*Required work*. Only the lines from the one containing "라트비스 케메리의 상승된 늪지 높은 수위 공중 가을 비디오 보기" through the one containing "Attēlu rezultāti vaicājumam" should be printed, exactly as they appear below, with both ends included.

*Data to examine*.
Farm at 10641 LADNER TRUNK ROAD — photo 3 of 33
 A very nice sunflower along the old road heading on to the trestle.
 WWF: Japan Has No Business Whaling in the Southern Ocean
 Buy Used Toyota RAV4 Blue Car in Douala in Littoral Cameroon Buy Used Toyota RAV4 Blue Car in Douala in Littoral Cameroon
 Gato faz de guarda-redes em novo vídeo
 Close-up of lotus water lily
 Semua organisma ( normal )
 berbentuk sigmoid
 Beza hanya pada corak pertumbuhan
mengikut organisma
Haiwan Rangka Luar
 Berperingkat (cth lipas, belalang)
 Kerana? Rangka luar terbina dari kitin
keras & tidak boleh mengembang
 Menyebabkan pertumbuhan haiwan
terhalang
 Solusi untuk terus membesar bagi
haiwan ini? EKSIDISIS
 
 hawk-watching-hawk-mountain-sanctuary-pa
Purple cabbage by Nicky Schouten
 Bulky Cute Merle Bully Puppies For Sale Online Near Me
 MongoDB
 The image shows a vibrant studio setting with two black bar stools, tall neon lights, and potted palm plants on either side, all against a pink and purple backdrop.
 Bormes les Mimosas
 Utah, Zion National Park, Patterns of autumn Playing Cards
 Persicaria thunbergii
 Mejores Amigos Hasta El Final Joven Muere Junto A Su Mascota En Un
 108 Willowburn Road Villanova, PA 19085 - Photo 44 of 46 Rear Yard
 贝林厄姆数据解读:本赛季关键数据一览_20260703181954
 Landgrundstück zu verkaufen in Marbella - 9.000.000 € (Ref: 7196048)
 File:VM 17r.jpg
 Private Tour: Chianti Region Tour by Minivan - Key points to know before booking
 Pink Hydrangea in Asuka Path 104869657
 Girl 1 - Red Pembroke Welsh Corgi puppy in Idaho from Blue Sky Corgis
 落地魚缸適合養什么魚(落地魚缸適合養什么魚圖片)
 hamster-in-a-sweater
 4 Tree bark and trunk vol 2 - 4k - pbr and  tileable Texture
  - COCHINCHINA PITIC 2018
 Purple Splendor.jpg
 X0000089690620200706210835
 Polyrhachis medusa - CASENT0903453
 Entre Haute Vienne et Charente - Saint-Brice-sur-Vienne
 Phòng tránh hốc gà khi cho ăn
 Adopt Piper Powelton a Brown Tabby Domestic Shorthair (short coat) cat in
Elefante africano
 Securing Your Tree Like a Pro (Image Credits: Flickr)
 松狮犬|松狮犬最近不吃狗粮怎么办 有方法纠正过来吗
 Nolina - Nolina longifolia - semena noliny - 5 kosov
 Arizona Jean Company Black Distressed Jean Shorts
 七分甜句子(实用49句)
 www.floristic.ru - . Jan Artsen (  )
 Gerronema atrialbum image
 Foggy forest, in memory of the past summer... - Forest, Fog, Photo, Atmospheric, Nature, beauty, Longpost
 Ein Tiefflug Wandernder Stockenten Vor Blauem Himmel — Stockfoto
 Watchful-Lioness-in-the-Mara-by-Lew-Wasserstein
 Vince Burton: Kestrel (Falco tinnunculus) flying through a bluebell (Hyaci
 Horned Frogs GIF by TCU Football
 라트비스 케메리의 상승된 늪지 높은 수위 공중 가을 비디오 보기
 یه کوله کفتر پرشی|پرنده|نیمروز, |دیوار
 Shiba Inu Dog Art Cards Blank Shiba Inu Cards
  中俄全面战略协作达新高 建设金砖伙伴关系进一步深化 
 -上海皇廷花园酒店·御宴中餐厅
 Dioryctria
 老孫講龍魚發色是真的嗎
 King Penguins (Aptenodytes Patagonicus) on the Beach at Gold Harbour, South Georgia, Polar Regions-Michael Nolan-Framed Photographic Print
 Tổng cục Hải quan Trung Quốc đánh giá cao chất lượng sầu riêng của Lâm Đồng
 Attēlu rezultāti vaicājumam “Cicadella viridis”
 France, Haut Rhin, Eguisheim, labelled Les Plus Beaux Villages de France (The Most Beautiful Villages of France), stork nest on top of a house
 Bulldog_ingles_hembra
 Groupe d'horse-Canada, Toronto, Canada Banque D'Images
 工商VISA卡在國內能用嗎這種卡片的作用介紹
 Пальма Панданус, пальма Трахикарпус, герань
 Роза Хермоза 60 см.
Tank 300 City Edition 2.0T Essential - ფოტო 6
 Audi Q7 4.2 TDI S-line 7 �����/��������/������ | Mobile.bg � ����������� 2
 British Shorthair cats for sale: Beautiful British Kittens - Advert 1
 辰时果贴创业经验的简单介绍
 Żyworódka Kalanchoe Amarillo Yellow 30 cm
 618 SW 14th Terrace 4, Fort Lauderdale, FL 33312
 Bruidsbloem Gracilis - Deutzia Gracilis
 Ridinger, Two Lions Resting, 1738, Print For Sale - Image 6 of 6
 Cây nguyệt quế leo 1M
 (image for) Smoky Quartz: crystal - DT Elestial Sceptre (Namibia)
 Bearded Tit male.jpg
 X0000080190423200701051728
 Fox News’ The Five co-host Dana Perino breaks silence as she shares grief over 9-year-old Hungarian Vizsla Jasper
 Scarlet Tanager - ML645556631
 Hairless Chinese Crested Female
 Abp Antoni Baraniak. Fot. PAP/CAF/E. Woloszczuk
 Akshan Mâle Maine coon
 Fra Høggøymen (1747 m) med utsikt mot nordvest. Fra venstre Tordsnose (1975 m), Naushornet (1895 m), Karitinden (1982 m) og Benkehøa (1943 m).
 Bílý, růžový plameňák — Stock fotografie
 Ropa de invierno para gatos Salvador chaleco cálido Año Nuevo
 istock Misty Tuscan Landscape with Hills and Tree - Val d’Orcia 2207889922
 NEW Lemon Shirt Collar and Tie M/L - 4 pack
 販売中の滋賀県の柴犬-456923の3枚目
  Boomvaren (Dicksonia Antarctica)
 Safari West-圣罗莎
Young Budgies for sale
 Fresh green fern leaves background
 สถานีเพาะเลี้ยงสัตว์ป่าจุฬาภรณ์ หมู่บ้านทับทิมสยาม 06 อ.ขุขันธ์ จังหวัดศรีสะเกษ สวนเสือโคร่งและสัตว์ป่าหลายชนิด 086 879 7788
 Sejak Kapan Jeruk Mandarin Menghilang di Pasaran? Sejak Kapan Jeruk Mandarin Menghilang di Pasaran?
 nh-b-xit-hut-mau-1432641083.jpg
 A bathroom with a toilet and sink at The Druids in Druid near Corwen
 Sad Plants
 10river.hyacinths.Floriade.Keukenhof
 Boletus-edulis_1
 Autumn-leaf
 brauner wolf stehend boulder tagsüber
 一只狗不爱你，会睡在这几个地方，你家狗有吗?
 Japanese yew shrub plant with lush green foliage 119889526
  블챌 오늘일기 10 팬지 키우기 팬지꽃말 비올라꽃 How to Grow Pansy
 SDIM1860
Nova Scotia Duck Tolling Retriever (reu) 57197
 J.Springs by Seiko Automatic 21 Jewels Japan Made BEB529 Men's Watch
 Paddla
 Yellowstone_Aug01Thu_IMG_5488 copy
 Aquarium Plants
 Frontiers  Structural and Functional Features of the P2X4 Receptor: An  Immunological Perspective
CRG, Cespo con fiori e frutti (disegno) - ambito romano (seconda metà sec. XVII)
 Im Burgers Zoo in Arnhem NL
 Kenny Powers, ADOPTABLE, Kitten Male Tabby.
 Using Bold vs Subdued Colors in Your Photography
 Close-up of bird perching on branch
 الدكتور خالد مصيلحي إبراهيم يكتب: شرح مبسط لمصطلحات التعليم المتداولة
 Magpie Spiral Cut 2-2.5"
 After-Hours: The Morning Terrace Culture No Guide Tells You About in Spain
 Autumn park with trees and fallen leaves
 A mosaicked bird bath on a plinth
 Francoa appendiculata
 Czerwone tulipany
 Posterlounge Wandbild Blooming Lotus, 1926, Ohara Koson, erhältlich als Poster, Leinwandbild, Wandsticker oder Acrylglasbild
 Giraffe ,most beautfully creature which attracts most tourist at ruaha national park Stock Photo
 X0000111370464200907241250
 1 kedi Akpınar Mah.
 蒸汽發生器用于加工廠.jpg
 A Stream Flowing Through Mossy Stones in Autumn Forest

*Task response*.
 라트비스 케메리의 상승된 늪지 높은 수위 공중 가을 비디오 보기
 یه کوله کفتر پرشی|پرنده|نیمروز, |دیوار
 Shiba Inu Dog Art Cards Blank Shiba Inu Cards
  中俄全面战略协作达新高 建设金砖伙伴关系进一步深化 
 -上海皇廷花园酒店·御宴中餐厅
 Dioryctria
 老孫講龍魚發色是真的嗎
 King Penguins (Aptenodytes Patagonicus) on the Beach at Gold Harbour, South Georgia, Polar Regions-Michael Nolan-Framed Photographic Print
 Tổng cục Hải quan Trung Quốc đánh giá cao chất lượng sầu riêng của Lâm Đồng
 Attēlu rezultāti vaicājumam “Cicadella viridis”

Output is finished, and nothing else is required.